EXERCISE GOAL:
Nothing may be changed. Give the entries below again exactly.

(Short web captions)

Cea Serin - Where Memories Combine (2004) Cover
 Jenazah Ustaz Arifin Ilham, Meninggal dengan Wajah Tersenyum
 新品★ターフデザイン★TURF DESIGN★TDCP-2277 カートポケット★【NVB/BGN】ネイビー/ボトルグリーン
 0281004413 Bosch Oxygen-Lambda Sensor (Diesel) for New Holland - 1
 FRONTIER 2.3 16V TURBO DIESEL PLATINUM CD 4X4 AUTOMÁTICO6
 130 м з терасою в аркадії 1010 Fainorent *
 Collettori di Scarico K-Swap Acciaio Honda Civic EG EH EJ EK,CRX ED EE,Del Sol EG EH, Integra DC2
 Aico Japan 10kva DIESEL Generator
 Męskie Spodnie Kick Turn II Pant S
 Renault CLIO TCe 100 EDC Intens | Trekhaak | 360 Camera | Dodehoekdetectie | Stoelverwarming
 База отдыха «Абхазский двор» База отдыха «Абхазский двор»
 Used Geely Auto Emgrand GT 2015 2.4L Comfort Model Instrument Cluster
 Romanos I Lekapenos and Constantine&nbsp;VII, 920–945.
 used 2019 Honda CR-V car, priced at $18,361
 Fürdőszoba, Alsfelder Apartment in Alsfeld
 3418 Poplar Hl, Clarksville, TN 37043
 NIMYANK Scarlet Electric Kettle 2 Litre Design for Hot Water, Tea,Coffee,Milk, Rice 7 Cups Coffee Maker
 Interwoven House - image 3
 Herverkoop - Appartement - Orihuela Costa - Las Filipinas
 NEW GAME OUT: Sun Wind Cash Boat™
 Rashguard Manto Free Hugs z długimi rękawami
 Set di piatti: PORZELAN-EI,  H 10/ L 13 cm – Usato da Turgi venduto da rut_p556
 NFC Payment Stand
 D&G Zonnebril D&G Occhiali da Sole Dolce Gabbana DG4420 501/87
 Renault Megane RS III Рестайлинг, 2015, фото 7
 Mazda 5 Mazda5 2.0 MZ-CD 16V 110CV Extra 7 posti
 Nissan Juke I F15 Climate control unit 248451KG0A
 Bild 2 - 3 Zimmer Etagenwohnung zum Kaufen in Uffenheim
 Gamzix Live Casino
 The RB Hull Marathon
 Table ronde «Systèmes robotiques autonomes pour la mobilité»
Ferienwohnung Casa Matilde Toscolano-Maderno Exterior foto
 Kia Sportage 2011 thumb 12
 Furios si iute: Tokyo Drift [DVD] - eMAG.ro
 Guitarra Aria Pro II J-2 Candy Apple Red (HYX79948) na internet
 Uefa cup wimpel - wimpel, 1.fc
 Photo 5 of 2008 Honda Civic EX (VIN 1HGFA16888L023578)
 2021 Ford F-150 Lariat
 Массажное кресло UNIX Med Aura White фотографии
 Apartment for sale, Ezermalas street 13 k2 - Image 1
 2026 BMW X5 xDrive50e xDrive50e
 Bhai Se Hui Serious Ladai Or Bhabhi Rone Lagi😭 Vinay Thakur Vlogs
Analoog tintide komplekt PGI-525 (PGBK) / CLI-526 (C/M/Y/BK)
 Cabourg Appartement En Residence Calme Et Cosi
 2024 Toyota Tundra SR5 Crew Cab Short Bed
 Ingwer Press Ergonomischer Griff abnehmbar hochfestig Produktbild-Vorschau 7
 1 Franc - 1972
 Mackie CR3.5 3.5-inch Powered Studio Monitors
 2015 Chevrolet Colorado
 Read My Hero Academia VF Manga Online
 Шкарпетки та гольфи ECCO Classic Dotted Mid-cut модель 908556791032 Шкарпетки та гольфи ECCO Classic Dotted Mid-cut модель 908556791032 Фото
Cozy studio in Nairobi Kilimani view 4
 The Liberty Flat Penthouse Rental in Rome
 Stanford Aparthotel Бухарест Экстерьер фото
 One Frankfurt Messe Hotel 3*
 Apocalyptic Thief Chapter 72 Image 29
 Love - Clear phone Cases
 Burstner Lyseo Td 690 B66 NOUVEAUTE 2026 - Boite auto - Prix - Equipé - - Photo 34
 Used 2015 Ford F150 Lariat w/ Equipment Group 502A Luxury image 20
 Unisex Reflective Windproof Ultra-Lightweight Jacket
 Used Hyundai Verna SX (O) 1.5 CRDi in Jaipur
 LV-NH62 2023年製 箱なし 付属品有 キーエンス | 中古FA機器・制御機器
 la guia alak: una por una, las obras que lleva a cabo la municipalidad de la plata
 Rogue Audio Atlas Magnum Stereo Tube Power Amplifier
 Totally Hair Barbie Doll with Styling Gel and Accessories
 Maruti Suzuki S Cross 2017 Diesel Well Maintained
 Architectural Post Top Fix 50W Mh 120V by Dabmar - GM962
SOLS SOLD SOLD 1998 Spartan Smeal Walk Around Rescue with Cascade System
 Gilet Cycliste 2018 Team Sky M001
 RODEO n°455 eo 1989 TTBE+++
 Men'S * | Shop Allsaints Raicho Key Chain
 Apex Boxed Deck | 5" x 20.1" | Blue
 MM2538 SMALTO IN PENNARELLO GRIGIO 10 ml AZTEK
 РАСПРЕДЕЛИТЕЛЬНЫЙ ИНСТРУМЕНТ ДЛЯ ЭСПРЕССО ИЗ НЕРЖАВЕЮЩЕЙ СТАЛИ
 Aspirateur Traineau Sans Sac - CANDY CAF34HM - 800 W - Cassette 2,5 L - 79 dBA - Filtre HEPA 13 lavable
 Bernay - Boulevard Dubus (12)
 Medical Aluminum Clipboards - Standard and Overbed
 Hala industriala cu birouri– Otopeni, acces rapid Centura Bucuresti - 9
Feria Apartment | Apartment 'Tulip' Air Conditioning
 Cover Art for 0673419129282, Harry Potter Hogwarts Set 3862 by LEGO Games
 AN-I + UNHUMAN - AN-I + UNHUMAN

SOLVED PROBLEM:
Cea Serin - Where Memories Combine (2004) Cover
 Jenazah Ustaz Arifin Ilham, Meninggal dengan Wajah Tersenyum
 新品★ターフデザイン★TURF DESIGN★TDCP-2277 カートポケット★【NVB/BGN】ネイビー/ボトルグリーン
 0281004413 Bosch Oxygen-Lambda Sensor (Diesel) for New Holland - 1
 FRONTIER 2.3 16V TURBO DIESEL PLATINUM CD 4X4 AUTOMÁTICO6
 130 м з терасою в аркадії 1010 Fainorent *
 Collettori di Scarico K-Swap Acciaio Honda Civic EG EH EJ EK,CRX ED EE,Del Sol EG EH, Integra DC2
 Aico Japan 10kva DIESEL Generator
 Męskie Spodnie Kick Turn II Pant S
 Renault CLIO TCe 100 EDC Intens | Trekhaak | 360 Camera | Dodehoekdetectie | Stoelverwarming
 База отдыха «Абхазский двор» База отдыха «Абхазский двор»
 Used Geely Auto Emgrand GT 2015 2.4L Comfort Model Instrument Cluster
 Romanos I Lekapenos and Constantine&nbsp;VII, 920–945.
 used 2019 Honda CR-V car, priced at $18,361
 Fürdőszoba, Alsfelder Apartment in Alsfeld
 3418 Poplar Hl, Clarksville, TN 37043
 NIMYANK Scarlet Electric Kettle 2 Litre Design for Hot Water, Tea,Coffee,Milk, Rice 7 Cups Coffee Maker
 Interwoven House - image 3
 Herverkoop - Appartement - Orihuela Costa - Las Filipinas
 NEW GAME OUT: Sun Wind Cash Boat™
 Rashguard Manto Free Hugs z długimi rękawami
 Set di piatti: PORZELAN-EI,  H 10/ L 13 cm – Usato da Turgi venduto da rut_p556
 NFC Payment Stand
 D&G Zonnebril D&G Occhiali da Sole Dolce Gabbana DG4420 501/87
 Renault Megane RS III Рестайлинг, 2015, фото 7
 Mazda 5 Mazda5 2.0 MZ-CD 16V 110CV Extra 7 posti
 Nissan Juke I F15 Climate control unit 248451KG0A
 Bild 2 - 3 Zimmer Etagenwohnung zum Kaufen in Uffenheim
 Gamzix Live Casino
 The RB Hull Marathon
 Table ronde «Systèmes robotiques autonomes pour la mobilité»
Ferienwohnung Casa Matilde Toscolano-Maderno Exterior foto
 Kia Sportage 2011 thumb 12
 Furios si iute: Tokyo Drift [DVD] - eMAG.ro
 Guitarra Aria Pro II J-2 Candy Apple Red (HYX79948) na internet
 Uefa cup wimpel - wimpel, 1.fc
 Photo 5 of 2008 Honda Civic EX (VIN 1HGFA16888L023578)
 2021 Ford F-150 Lariat
 Массажное кресло UNIX Med Aura White фотографии
 Apartment for sale, Ezermalas street 13 k2 - Image 1
 2026 BMW X5 xDrive50e xDrive50e
 Bhai Se Hui Serious Ladai Or Bhabhi Rone Lagi😭 Vinay Thakur Vlogs
Analoog tintide komplekt PGI-525 (PGBK) / CLI-526 (C/M/Y/BK)
 Cabourg Appartement En Residence Calme Et Cosi
 2024 Toyota Tundra SR5 Crew Cab Short Bed
 Ingwer Press Ergonomischer Griff abnehmbar hochfestig Produktbild-Vorschau 7
 1 Franc - 1972
 Mackie CR3.5 3.5-inch Powered Studio Monitors
 2015 Chevrolet Colorado
 Read My Hero Academia VF Manga Online
 Шкарпетки та гольфи ECCO Classic Dotted Mid-cut модель 908556791032 Шкарпетки та гольфи ECCO Classic Dotted Mid-cut модель 908556791032 Фото
Cozy studio in Nairobi Kilimani view 4
 The Liberty Flat Penthouse Rental in Rome
 Stanford Aparthotel Бухарест Экстерьер фото
 One Frankfurt Messe Hotel 3*
 Apocalyptic Thief Chapter 72 Image 29
 Love - Clear phone Cases
 Burstner Lyseo Td 690 B66 NOUVEAUTE 2026 - Boite auto - Prix - Equipé - - Photo 34
 Used 2015 Ford F150 Lariat w/ Equipment Group 502A Luxury image 20
 Unisex Reflective Windproof Ultra-Lightweight Jacket
 Used Hyundai Verna SX (O) 1.5 CRDi in Jaipur
 LV-NH62 2023年製 箱なし 付属品有 キーエンス | 中古FA機器・制御機器
 la guia alak: una por una, las obras que lleva a cabo la municipalidad de la plata
 Rogue Audio Atlas Magnum Stereo Tube Power Amplifier
 Totally Hair Barbie Doll with Styling Gel and Accessories
 Maruti Suzuki S Cross 2017 Diesel Well Maintained
 Architectural Post Top Fix 50W Mh 120V by Dabmar - GM962
SOLS SOLD SOLD 1998 Spartan Smeal Walk Around Rescue with Cascade System
 Gilet Cycliste 2018 Team Sky M001
 RODEO n°455 eo 1989 TTBE+++
 Men'S * | Shop Allsaints Raicho Key Chain
 Apex Boxed Deck | 5" x 20.1" | Blue
 MM2538 SMALTO IN PENNARELLO GRIGIO 10 ml AZTEK
 РАСПРЕДЕЛИТЕЛЬНЫЙ ИНСТРУМЕНТ ДЛЯ ЭСПРЕССО ИЗ НЕРЖАВЕЮЩЕЙ СТАЛИ
 Aspirateur Traineau Sans Sac - CANDY CAF34HM - 800 W - Cassette 2,5 L - 79 dBA - Filtre HEPA 13 lavable
 Bernay - Boulevard Dubus (12)
 Medical Aluminum Clipboards - Standard and Overbed
 Hala industriala cu birouri– Otopeni, acces rapid Centura Bucuresti - 9
Feria Apartment | Apartment 'Tulip' Air Conditioning
 Cover Art for 0673419129282, Harry Potter Hogwarts Set 3862 by LEGO Games
 AN-I + UNHUMAN - AN-I + UNHUMAN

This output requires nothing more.